ミシ:皆さんお待ちかね、「魔性のふかふか」中多紗江編です。
(ナレ「少年の名前は橘純一。17才の高校2年生である。2年前のクリスマスに手痛い失恋を経験し、その古傷をひき摺ってるせいで、恋に臆病になっていた。と言えば聞こえはイイが、それ以前に果敢に恋に挑むタイプではないし、弱腰と言うか、もっと言えば失恋を言訳にする――」)
醤油:冒頭から中田譲二さんのナレーションですね。ダンディな声でハッとさせられます。

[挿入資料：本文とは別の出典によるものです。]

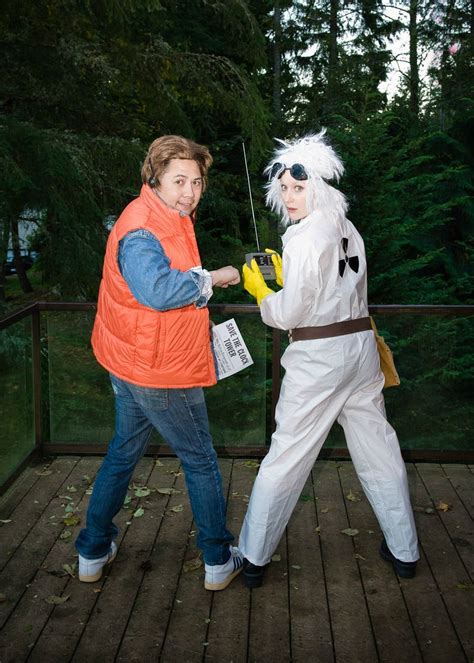 Our Back To The Future Halloween Costumes Marty Mcfly And Doc Brown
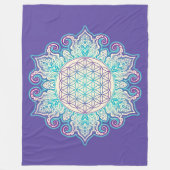 Leven - Indiaas Mandala 2 Fleece Deken (Voorkant)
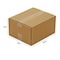 Zoro Select 12 in x 9 in x 4 in Shipping Box, Kraft, Corrugate, Single Wall, 32 ECT 11R210 - alternate 2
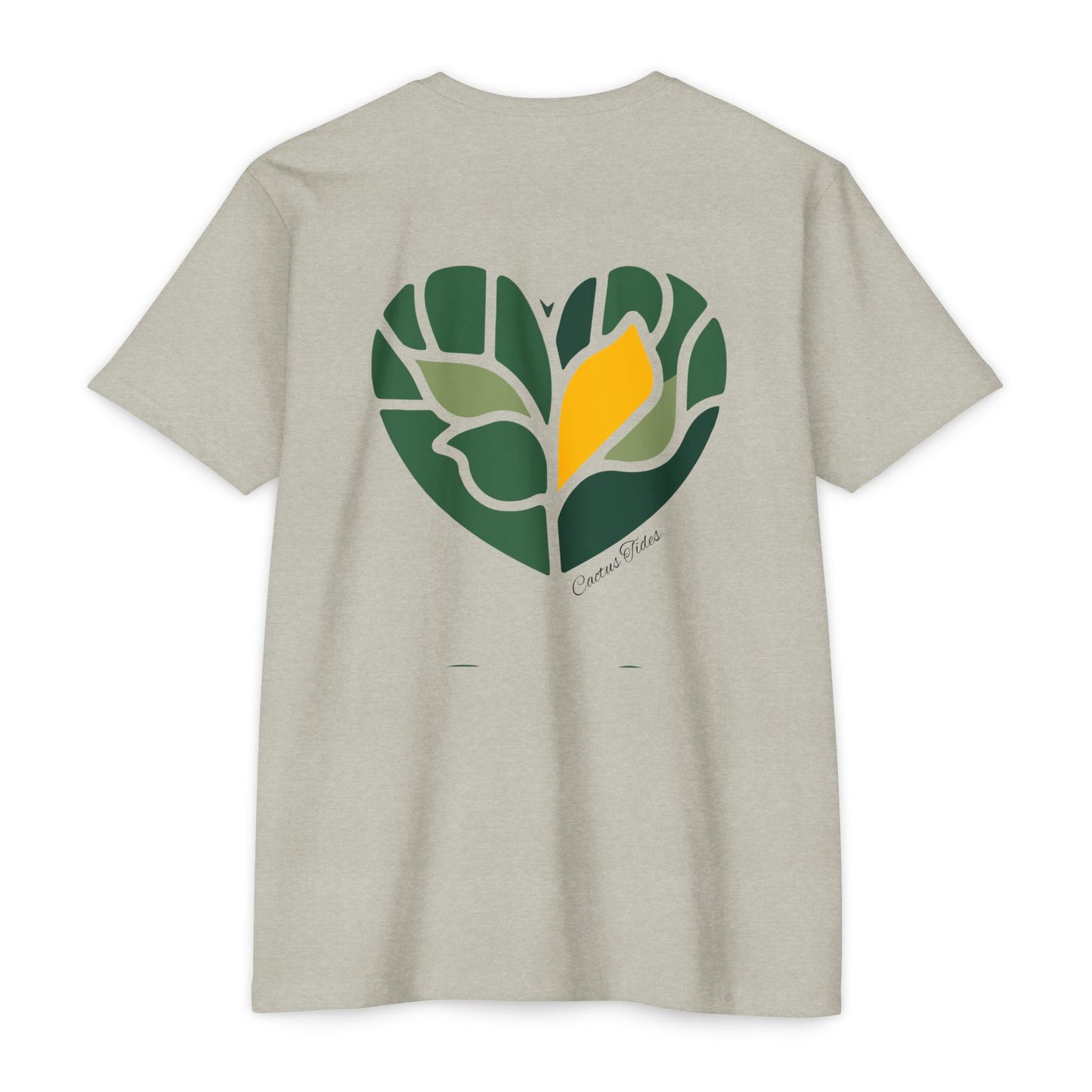 Leaf Heart Graphic T-Shirt — Nature-Inspired Botanical Tee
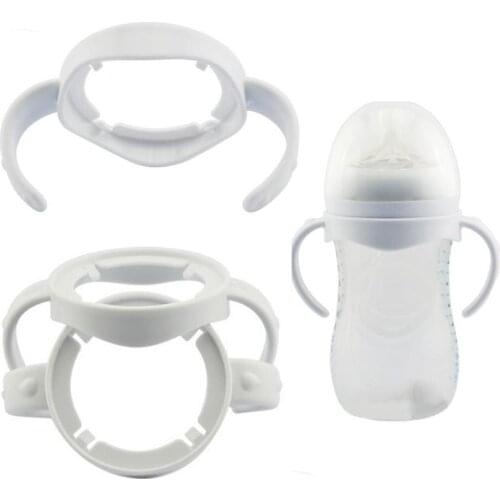 Replacement Non-Slip Milk Bottle Grip Handle for Avent Wide Mouth Baby Feeding Accessory Durable Safe Infant Bottle Grip Handle
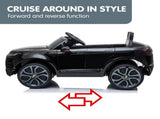 Kahuna Land Rover Licensed Kids Electric Ride On Car Remote Control - Black CAR-LRV-BK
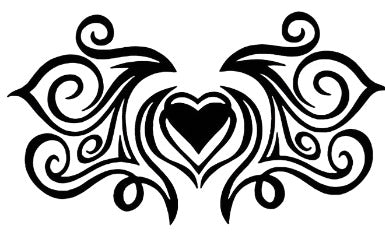 Heart Link - Boston Temporary Tattoos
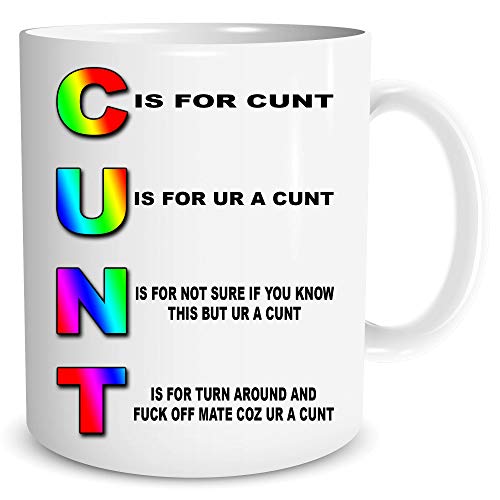Peachy Antics Ceramic Coffee Mug 10 oz White Funny Novelty Christmas Banter Gifts for Him Best Friend Birthday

ミシ:ああ、ヒロインと名字が同じですね。実は、本編で実在のみ仄めかされる父親役であったりもするんでしょうか。そうであるなら、純一に対して辛辣な批評を口にするのも道理です。娘の幸福を望みながら、その恋人には厳しく当たってしまう父性の二律背反ですね。
QP:ただの偶然ですからね。……偶然ですよね?
醤油:そもそも漢字が違うでしょう。
(純一「あの、その位にして置いてくれない?」)
(ナレ「とにかく、この少年が本作の主人公である」)
ミシ:ほら、ナレーションにツッコミ入れましたよ。純一君には天上の声、純粋理性の命令が聞こえるんです。中多紗江編は、2年前の失恋で塞ぎ込み、うだつの上がらぬ詰まらん男になり下がってしまった我らのヒーローが、一連の神託に導かれ、再び立ち上がる英雄譚を模してるんです。
醤油:まあまあ、順を追って観て行きましょうよ。中多さんが好きだからって、さすがにフライングしすぎですよ。QP君が困惑しちゃってます。
QP:えぅ?
(純一は黒塗りの車から下りて来た転校生を目撃する。純一「可愛e娘だなぁ。む、ムネが、スゴイっ」)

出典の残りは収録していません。